* [Given data]:
——————
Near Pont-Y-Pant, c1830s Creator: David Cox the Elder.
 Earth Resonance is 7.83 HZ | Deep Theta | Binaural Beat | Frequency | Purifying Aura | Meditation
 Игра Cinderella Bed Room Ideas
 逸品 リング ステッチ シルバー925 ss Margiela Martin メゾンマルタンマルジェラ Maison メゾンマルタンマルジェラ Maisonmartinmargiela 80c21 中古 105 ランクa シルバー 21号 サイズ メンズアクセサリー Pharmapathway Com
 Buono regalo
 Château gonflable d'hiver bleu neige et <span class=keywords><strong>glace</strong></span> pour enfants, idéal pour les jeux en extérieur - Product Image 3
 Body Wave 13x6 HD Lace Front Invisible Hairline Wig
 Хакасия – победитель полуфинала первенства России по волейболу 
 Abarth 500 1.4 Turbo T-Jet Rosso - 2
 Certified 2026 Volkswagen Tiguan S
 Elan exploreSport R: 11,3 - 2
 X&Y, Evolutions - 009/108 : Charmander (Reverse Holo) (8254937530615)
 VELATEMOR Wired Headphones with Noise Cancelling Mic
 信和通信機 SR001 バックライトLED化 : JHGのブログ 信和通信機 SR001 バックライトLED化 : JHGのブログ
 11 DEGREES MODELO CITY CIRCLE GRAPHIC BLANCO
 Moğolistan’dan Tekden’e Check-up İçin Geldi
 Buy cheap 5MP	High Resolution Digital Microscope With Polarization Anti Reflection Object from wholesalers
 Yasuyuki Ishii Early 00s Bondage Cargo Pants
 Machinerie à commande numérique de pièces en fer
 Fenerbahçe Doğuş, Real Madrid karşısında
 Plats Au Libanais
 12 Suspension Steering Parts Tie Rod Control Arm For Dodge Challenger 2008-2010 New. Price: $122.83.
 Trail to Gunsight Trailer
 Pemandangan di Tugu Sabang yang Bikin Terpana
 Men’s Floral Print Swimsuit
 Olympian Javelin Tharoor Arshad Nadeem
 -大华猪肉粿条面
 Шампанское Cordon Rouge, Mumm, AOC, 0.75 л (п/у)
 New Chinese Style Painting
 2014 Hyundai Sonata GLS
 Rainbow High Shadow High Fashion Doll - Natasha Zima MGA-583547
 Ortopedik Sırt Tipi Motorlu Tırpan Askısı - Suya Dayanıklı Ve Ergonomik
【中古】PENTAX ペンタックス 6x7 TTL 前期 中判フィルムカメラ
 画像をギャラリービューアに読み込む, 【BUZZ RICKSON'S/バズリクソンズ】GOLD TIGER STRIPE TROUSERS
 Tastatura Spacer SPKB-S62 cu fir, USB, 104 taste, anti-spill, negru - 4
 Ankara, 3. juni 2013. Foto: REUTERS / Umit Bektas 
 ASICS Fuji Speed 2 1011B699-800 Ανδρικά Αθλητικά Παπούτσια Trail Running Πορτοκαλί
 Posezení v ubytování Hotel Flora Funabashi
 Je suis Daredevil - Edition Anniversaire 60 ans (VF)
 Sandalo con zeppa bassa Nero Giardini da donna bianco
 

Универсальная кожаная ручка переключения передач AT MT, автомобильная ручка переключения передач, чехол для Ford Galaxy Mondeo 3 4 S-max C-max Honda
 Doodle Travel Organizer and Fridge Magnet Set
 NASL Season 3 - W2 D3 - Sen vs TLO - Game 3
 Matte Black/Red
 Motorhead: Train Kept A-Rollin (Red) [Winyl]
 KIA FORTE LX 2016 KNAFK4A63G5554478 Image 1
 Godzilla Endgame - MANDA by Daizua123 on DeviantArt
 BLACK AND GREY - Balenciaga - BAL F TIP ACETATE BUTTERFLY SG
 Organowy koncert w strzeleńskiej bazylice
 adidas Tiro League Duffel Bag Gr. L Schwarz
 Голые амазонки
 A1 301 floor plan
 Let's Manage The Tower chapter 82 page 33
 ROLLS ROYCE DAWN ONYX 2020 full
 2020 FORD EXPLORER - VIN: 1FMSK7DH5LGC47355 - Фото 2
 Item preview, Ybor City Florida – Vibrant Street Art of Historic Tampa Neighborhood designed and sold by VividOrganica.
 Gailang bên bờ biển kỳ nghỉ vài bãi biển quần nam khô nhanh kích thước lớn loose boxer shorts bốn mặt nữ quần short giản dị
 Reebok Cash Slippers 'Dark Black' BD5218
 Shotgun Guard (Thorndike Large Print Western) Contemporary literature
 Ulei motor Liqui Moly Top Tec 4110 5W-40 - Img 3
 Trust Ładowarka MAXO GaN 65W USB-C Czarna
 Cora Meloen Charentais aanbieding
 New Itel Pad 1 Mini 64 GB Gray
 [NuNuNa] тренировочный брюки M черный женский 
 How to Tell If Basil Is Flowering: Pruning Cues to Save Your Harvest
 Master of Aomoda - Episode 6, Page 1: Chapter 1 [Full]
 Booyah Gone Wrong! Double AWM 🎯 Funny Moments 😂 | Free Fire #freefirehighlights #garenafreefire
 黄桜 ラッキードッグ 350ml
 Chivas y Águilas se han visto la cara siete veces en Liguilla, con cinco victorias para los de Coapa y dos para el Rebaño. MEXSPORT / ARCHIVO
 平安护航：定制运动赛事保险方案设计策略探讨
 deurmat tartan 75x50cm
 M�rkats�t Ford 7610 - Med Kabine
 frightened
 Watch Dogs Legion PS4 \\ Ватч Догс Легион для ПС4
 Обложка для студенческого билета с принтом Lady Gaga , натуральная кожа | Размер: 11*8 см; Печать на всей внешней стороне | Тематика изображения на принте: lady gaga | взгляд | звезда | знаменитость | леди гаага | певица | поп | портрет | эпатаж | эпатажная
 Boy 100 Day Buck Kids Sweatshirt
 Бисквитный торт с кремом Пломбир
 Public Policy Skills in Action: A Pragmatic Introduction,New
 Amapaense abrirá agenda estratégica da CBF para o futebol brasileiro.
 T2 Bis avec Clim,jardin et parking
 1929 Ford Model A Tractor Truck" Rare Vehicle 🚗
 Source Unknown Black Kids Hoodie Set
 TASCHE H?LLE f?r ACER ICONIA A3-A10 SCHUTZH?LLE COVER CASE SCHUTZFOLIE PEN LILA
——————
* [Your objective]: Scan the material above for the string "Image", returning each line that contains it.

* [Response to the exercise]:
 Château gonflable d'hiver bleu neige et <span class=keywords><strong>glace</strong></span> pour enfants, idéal pour les jeux en extérieur - Product Image 3
 KIA FORTE LX 2016 KNAFK4A63G5554478 Image 1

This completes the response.